Let $y$ be similar to the given expression $x$ but with the addition and subtraction signs switched. Then we have that

$x = \sqrt{1 + \dfrac{1}{y}}$ and $y = \sqrt{1 - \dfrac{1}{x}}$

$\Longrightarrow x^{2} - y^{2} = \dfrac{1}{y} + \dfrac{1}{x} \Longrightarrow (x - y)(x + y) = \dfrac{x + y}{xy} \Longrightarrow x - y = \dfrac{1}{xy},$

since clearly $x + y \ne 0,$ (as both $x,y \gt 0$ ). We then have that

$(x - y)xy = 1 \Longrightarrow x^{2}y - xy^{2} = 1$

$\Longrightarrow \left(1 + \dfrac{1}{y}\right)y - x\left(1 - \dfrac{1}{x}\right) = 1 \Longrightarrow y + 1 - (x - 1) = 1 \Longrightarrow x - y = 1$

$\Longrightarrow xy = 1 \Longrightarrow x(x - 1) = 1 \Longrightarrow x^{2} - x - 1 = 0$

$\Longrightarrow x = \dfrac{1 + \sqrt{5}}{2} = 1.618033989.....,$ since $x \gt 0.$

Thus $\lfloor 1000x \rfloor = \boxed{1618}.$

Here is a dirty little solution:

$y=\sqrt{1+\frac1{\sqrt{{1-\frac1y}}}}$ Which when rearranging gets us $y=(y-1)^3(y+1)^2$ Let $u=y-1$ then $u+1=u^3(u+2)^2\\ \implies 0=u^5 + 4u^4 + 4u^3-u-1$ Now Setting up a Newton-Raphson approximation: $x_{n+1}=x_n-\frac{x_n^5+4x_n^4+4x_n^3-x_n-1}{5x_n^4+16x_n^3+12x_n^2-1}$ Iterate until about $n=4$ where it should stop changing digits after 3 d.p. Then add one and you should get an answer of $\boxed{1618}$ .
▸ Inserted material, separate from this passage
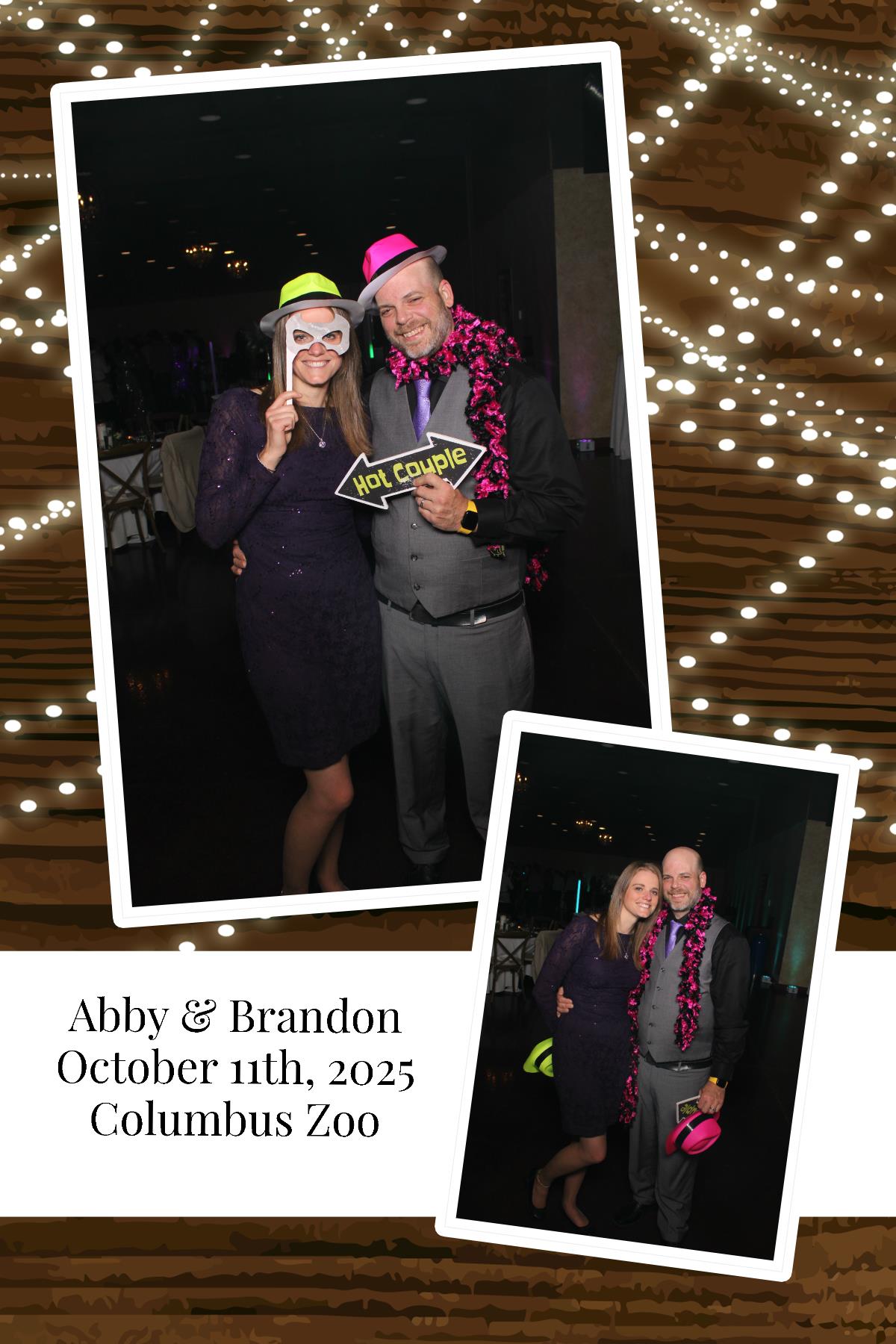Abby & Brandon | View more photos from the event at gallery.photoboothcincy.com/u/PhotoBoothCincy/Abby-Brandon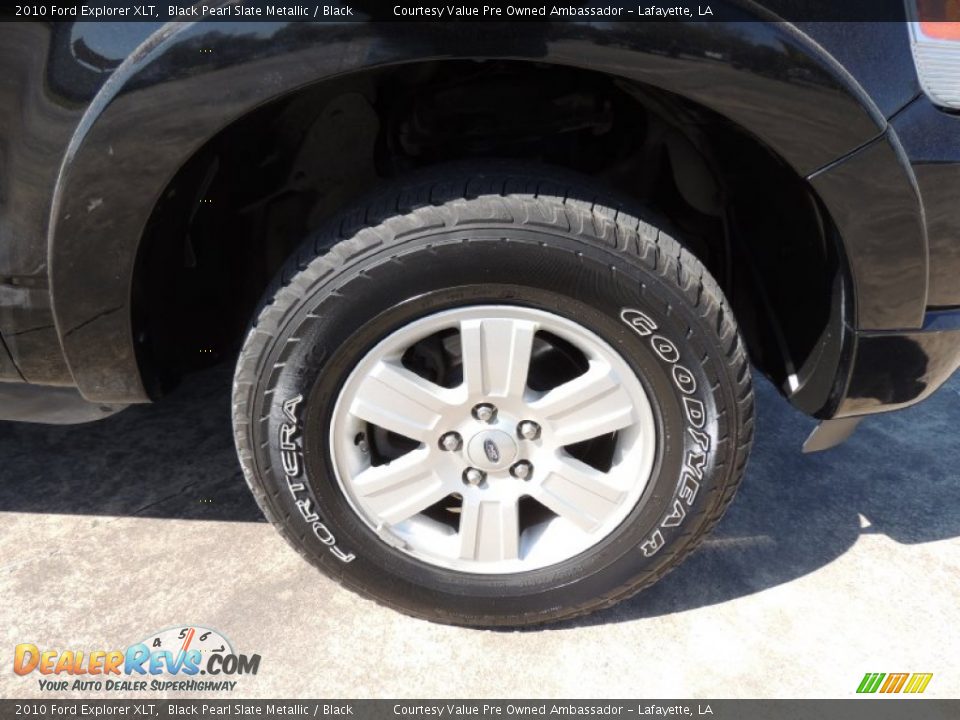2010 Ford Explorer XLT Black Pearl Slate Metallic / Black Photo #25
This is under the assumption that a calculator is allowed, which I take as implied due to the nature of the answer.

Mathematica does it in one line:

Floor[1000 x] /. Solve[Sqrt[1+1/Sqrt[1-1/x]]==x,{x}]

-a fool with a tool...